Summary
Workshop Number: 27
Leaders: Jay Thatcher, Bob Ward, Kathy Miller
Who May Register?: Open to All
Worship/Worship-Sharing: 40%
Lecture: 5%
Discussion: 15%
Experiential Activities: 40%
Who May Attend?
half gathering attenders welcome
Half-Gathering Attenders Welcome:
First half (Monday-Wednesday)
Second half (Wednesday/Thursday-Friday)
Moving outdoors together has opened doors for our Meeting. Walking in a park and stopping to share reflections or ministry began and evolved through the seasons of pandemic. The outdoor setting flavors and deepens our worship. Friends will share this experience and consider other ways to flex Quaker worship forms.
Workshop Description
Moving outdoors together has opened doors for our local Meeting. Walking in a local park
and stopping to share reflections has happened every week through these seasons of pandemic. We have prevented spread of respiratory infections and developed our gifts in vocal ministry.
The gatherings feel like a cross between meetings for worship, worship-sharing and walking mindfully in nature. The outdoor setting flavors and deepens our worship and the ministry that flows from it.
We look forward to sharing several walking worship experiences and considering what else has been working well to keep Friends Meetings worshiping together. Participants should be ready to share in the ministry on our walks. All voices will be welcome to help the group experience the alternate worship modes that have helped your own meeting gather and experience Divine Presence.
We will share perspectives and find the flow of worship as we move in an outdoor setting. We hope to discover what happens together when we change Friends’ worship structure from sitting indoors to outside and open. With a new worship form and a new environment we can come awake to our heart’s experience. Is this an echo of the experience of Friends before the coming of religious toleration and the use of meeting houses? In the surrounding symphony of nature do we find a new stillness? Do we find more ministry, more listening, and more application of our lessons to daily lives?
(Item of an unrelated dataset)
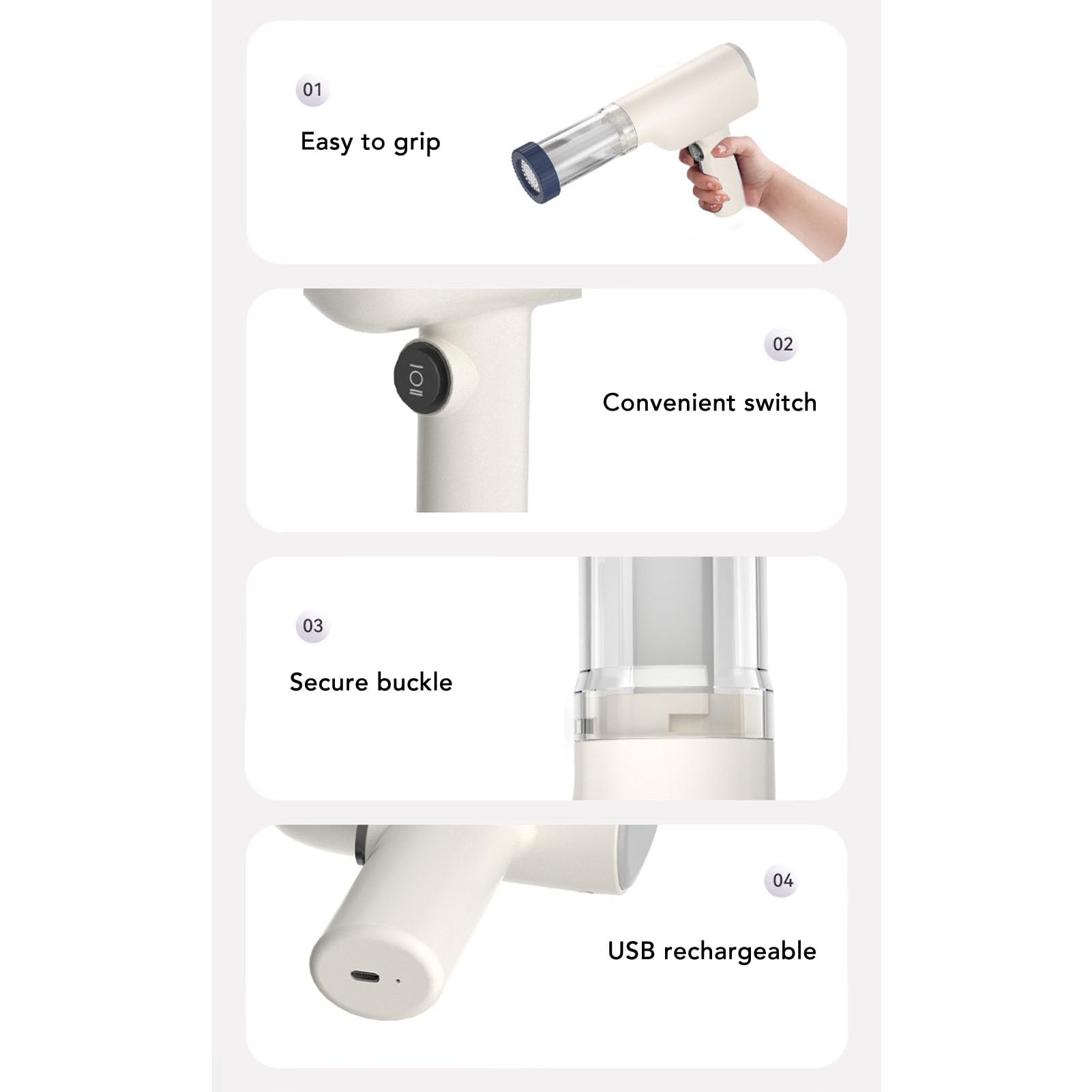 Tnfeeon Máquina para Hacer Pasta Eléctrica de Mano, Máquina para Hacer Fideos Portátil Inalámbrica con Batería Recargable de 1500 MAh, Motor de 40 W, 6 Discos Moldeadores para Cocinar en Familia,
The first three or four morning sessions will include an opening time of walking worship in the format Corvallis Friends have used for about three years:
- Gather in silence
- Walk silently for about ten minutes
- Stop in a circle for vocal ministry and shared reflections
- Return as we reflect personally
Following that, we plan time of Worship Sharing on the theme for that day.
Monday: What was my experience today? How did the vocal ministry affect me?
Tuesday: Whose land have we walked through? What people, animals and plants have lived here? In light of the usurpation by our dominant culture, what are we led to do, inwardly and out?
Wednesday: Water: Where does it come from? Where does it flow? How does it move through us?
Thursday: What forms of worship are happening in your Meeting? How has it changed during the pandemic? Have the rituals changed? Is there a way of holding worship that we’d like to try tomorrow?
Friday: queries or worship form to be chosen
Participants will need:
- Walking shoes suitable graded pathways; any other mobility or support (walker, wheelchair, poles…)
- To prepare for the variable weather, their preferences of raingear, umbrella, a hat with a broad brim, sun block
- If desired, a light folding stool to carry along. We will have extras for people who can’t transport them.
Leader Experience
In addition to Willamette Quarterly Meeting, Jay and Bob have facilitated a hybrid annual session of the Willamette Valley LGBT chorus. Jay taught physical education in local schools for two dozen years and now leads immersion experiences for cyclists of many ages and levels. Bob has designed and led indoor and outdoor active-experiential workshops in forty countries, including FWCC EMES, QCEA and QUNO, Amnesty, Oxfam and EU outreach programs. Kathy has been drawn to worship in nature her whole life, on retreats, at Willamette Quarterly Meetings and in our weekly walking worship. She has worked most recently as a nurse with disabled students in local schools. She leads mainly by example, listening and attempting to see what love would do.